Él fue quien acuñó la expresión “Barrio Darnauchans” para un cierto cuadrado o rectángulo muy montevideano donde, por casualidad, se juntan varias casas de los amigos y admiradores del Darno.

Bueno, pues el Barrio Darnauchans se va para arriba! De ser un páramo triste, siempre alfombrado de hojas otoñales, sin supermercados que abran pero con almacenes de esquina que cierran, sin cafés (uno se ve debatido entre el viejo y querido Sabot de los borrachos y presumibles ex presidiarios, o la pipirisnais Alianza Francesa con wifi, y ya no tiene mayor opción intermedia), sin bares a no ser por el pálido recuerdo de aquella primera Commedia antes de su tonta huída a la Ciudad Vieja (o un misterioso Barbacana que abre cuando quiere, y cuando abre parece sentirse importunado por la llegada de clientes), en fin: de ser un olvidado puente entre Pocitos y el Centro, un peaje rumbo al Parque Rodó, está empezando a volverse una promesa.

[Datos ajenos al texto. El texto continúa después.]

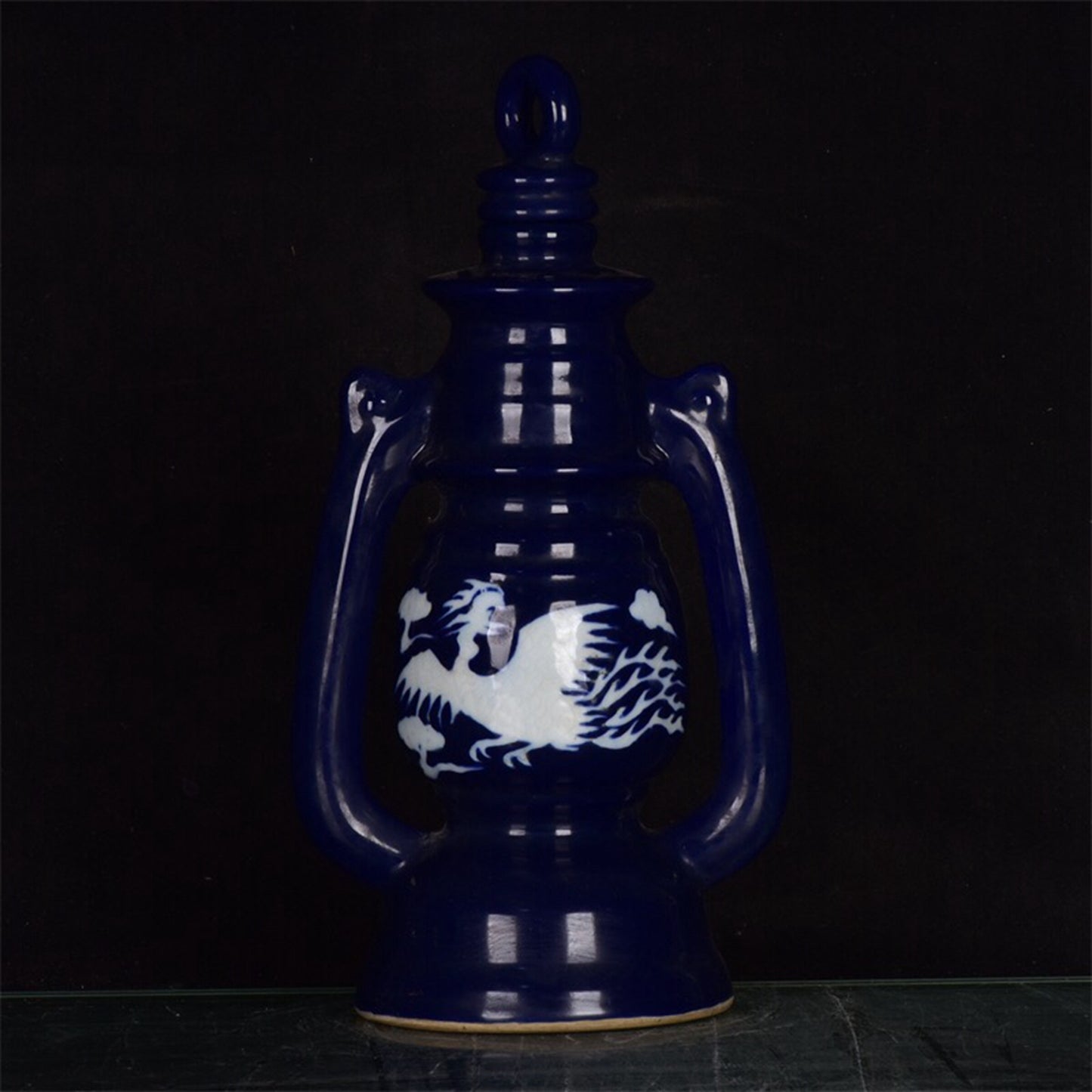 Chinese antique blue and white phoenix patterned horse lantern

Sí, los hijos del ciego Tiresias somos algo exagerados, pero quien tenga ojos que vea. Las cosas están ahí, aunque todavía no aparezcan en esta dimensión.

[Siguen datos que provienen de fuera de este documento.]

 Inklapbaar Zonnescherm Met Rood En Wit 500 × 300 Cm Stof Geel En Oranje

Ahora en el Barrio Darnauchans tenemos el Gradiva, el Madre Deus (aunque sospecho que hay que asaltar un banco antes de ir, pero ¿qué restaurant tiene poemas de Pessoa en las paredes?), y próximamente un nuevo Don Trigo, allí donde estaba la parrillada Los Picapiedra. Por algo se empieza.

Ya sé, yo también quiero bares y cafés de verdad. Pero me encanta ir caminando a los lugares, y con los años ese ir caminando se va volviendo cada vez más cerca, hasta que al final, supongo, uno llega a desplazarse hasta la esquina con una silla de playa para ver pasar el tránsito a la hora de salida del trabajo.

Hablando una vez más del Darno, que ha dejado edificaciones a su paso por la tierra (todo un barrio, donde vivo ahora, y un Edificio Sansueña en la calle Ellauri, frente a mi casa anterior, en cuanto a las edificaciones visibles, claro), la Revista Gatopardo de julio sacó una crónica hermosísima sobre él. Me encantaría conseguir la versión impresa, con más fotos y esa sensación de papel que vuelve todo más importante, pero parece que no llega a Uruguay (supongo que Diego Rey ya la habrá conseguido en Argentina o en otro lado!). De todos modos, la crónica puede leerse en el sitio en línea de la revista. Y vale la pena, lo juro por Dios. Es de Martín E. Graziano; escribe muy bien y con sensibilidad. Es un retrato vivo y objetivo, dentro de lo personalísimo. Los deudos, muy agradecidos.